The task.
Among the entries below, please repeat exactly and only the lines from the line containing "Dunkelblauen und grünen" to the line containing "వద్ధ ఉద్రిక్తత BRS", both lines included.

____________________

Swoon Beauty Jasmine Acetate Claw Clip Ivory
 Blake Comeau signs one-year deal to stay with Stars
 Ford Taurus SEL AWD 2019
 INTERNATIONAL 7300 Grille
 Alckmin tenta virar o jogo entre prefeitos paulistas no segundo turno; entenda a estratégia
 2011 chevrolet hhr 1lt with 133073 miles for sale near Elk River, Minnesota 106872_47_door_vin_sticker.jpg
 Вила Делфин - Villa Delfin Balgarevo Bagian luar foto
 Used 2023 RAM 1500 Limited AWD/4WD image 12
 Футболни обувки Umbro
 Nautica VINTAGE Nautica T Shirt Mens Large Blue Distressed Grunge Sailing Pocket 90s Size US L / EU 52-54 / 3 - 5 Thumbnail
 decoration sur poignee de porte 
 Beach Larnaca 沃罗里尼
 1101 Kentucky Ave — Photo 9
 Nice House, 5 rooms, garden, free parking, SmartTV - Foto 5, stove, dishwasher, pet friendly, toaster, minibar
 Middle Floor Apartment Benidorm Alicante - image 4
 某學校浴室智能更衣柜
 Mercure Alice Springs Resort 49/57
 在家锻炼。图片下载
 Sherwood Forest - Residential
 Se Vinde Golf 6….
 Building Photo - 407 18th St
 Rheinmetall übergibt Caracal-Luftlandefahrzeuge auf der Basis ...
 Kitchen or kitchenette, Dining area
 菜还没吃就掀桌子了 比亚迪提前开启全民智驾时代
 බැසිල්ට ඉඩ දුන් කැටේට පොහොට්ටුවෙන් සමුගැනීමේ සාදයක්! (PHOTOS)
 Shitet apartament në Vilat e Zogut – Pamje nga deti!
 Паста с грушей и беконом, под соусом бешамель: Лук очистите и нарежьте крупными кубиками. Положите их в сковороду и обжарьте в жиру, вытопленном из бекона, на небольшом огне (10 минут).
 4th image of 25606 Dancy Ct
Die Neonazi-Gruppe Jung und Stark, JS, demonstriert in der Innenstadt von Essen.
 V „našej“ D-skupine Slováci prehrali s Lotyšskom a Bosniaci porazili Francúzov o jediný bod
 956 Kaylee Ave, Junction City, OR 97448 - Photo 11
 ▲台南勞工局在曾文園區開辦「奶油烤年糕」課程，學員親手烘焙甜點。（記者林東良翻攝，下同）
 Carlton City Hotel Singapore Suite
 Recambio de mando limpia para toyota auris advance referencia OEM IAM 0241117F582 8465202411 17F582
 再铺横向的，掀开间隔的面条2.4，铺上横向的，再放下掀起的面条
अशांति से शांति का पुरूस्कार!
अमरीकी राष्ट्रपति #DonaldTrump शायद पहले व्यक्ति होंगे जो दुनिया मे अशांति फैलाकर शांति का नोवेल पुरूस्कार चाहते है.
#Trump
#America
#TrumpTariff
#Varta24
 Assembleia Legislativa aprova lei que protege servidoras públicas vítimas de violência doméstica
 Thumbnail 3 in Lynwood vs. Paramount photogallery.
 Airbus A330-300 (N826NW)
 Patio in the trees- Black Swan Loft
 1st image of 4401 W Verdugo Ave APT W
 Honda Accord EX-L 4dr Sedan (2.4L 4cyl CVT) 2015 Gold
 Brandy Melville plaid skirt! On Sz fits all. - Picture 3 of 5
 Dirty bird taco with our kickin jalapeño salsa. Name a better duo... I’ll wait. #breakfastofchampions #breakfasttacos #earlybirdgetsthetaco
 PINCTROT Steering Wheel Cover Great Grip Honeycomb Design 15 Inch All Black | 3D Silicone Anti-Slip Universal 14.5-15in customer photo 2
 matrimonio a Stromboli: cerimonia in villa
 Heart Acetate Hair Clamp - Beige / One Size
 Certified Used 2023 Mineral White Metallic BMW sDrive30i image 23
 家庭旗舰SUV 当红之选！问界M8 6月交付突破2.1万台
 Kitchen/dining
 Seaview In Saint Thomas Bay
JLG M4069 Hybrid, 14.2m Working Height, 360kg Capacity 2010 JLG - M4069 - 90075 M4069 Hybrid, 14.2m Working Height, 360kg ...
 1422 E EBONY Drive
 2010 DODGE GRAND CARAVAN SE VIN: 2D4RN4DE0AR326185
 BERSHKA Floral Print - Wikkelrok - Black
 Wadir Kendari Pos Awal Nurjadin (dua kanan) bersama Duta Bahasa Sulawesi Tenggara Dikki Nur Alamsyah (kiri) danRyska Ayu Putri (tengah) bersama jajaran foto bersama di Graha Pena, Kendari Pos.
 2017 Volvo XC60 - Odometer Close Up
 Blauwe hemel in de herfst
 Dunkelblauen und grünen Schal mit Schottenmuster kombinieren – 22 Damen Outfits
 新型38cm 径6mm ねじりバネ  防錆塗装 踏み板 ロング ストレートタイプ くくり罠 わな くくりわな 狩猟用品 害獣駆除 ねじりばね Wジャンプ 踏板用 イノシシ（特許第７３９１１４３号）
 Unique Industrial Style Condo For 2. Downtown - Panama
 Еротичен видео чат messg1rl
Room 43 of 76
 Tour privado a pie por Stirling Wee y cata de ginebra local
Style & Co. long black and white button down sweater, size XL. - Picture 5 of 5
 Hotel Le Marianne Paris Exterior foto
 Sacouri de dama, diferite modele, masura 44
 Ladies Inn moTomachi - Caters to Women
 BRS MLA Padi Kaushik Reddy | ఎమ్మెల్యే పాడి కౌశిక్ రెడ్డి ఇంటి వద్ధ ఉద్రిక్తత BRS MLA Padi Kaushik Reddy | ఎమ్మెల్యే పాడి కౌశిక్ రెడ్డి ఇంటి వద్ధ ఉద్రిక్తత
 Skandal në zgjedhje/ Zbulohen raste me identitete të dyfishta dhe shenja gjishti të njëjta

____________________

Written solution.
 Dunkelblauen und grünen Schal mit Schottenmuster kombinieren – 22 Damen Outfits
 新型38cm 径6mm ねじりバネ  防錆塗装 踏み板 ロング ストレートタイプ くくり罠 わな くくりわな 狩猟用品 害獣駆除 ねじりばね Wジャンプ 踏板用 イノシシ（特許第７３９１１４３号）
 Unique Industrial Style Condo For 2. Downtown - Panama
 Еротичен видео чат messg1rl
Room 43 of 76
 Tour privado a pie por Stirling Wee y cata de ginebra local
Style & Co. long black and white button down sweater, size XL. - Picture 5 of 5
 Hotel Le Marianne Paris Exterior foto
 Sacouri de dama, diferite modele, masura 44
 Ladies Inn moTomachi - Caters to Women
 BRS MLA Padi Kaushik Reddy | ఎమ్మెల్యే పాడి కౌశిక్ రెడ్డి ఇంటి వద్ధ ఉద్రిక్తత BRS MLA Padi Kaushik Reddy | ఎమ్మెల్యే పాడి కౌశిక్ రెడ్డి ఇంటి వద్ధ ఉద్రిక్తత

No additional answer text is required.